Università con pochi laureati «Più fondi e integrazione Ue»

L'Italia investe l'1% del Pil contro l'1,4% della media Ue Oliva (Treellle): serve uno scambio di docenti con l'Europa

Sabrina Cottone

Si parla di difesa europea e politiche comuni dell'immigrazione, ma anche su un tema cruciale come università e ricerca. L'appuntamento è oggi dalle 15 all'Auditorium Testori di Palazzo Lombardia, alla presentazione del Quaderno TreeLLLe «Dopo la riforma: università italiana, università europea?». Provocazione che parte dall'arretratezza degli investimenti italiani rispetto alla media Ue, una delle ragioni dell'arretratezza competitiva del Paese. «Servono congrue risorse aggiuntive» chiede Attilio Oliva, presidente di Treellle. E spiega: «Il costo della non Europa rischia di essere elevatissimo, vista la competizione internazionale sempre più severa». E così, «nei trattati Ue sarebbe proficuo che l'università diventasse materia concorrente, per creare mobilità tra studenti, docenti e equipollenza tra i titoli».

Venendo ai dati della ricerca (su fonte Oecd 2016), l'Università italiana non regge il confronto con l'Europa. La spesa per l'istruzione universitaria in percentuale sul Pil, nel 2015, è dell'1%, in confronto a una media Ue dell'1,4%. L'Italia spende meno di larga parte dei Paesi europei (Spagna inclusa), per non dire del paragone con Inghilterra (1,2), Francia (1,3, Paesi Bassi(1,3), i Paesi del Nord come Svezia (1,5) e Danimarca. Ci sono poi i casi come Stati Uniti (2,6) e Giappone (2), dove agli investimenti pubblici si sommano molto elevati investimenti privati.

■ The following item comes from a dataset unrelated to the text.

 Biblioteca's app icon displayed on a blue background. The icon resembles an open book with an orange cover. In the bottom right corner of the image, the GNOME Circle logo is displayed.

A colpire in Italia è anche la scarsa percentuale di giovani laureati sulla popolazione (i dati sono sempre 2015). Siamo al 24,8% contro il 39,8 della media Ue. Molto tristi i dati che riguardano la competenza alfabetica funzionale della popolazione tra i 16 e i 65 anni (dati OCSE-PIAAC 2012), ovvero la capacità di capire e usare informazioni in testi stampati nelle attività quotidiane, sul lavoro e nella vita sociale, come anche far di conto o leggere un orario ferroviario. Bene, in Italia solo un 30 per cento della popolazione ha un adeguato livello di «competenze alfabetico- funzionali», dato tra i peggiori d'Europa, contro una media del 51% degli altri Paesi. E il 28% si trova a livelli del tutto insufficienti.

Ma perché gli iscritti all'università e i laureati sono così pochi? Secondo Oliva, ci sono varie ipotesi: «Uno. Perché la qualità dei servizi e della didattica non è sufficientemente attraente. Due. Perché il sistema è sottofinanziato. Tre. Perché troppa parte della nostra popolazione non considera redditizio l'investimento nella formazione». E lo scarso investimento in istruzione universitaria? «Mentre gli investimenti per il sistema scolastico sono adeguati, ciò non accade per l'università.

C'è bisogno che il governo e l'opinione pubblica, dopo i tagli del 2008, ridiano fiducia al sistema con congrue risorse aggiuntive, fermo restando che le università diano corpo alle buone regole del gioco definite dalla riforma universitaria del 2010».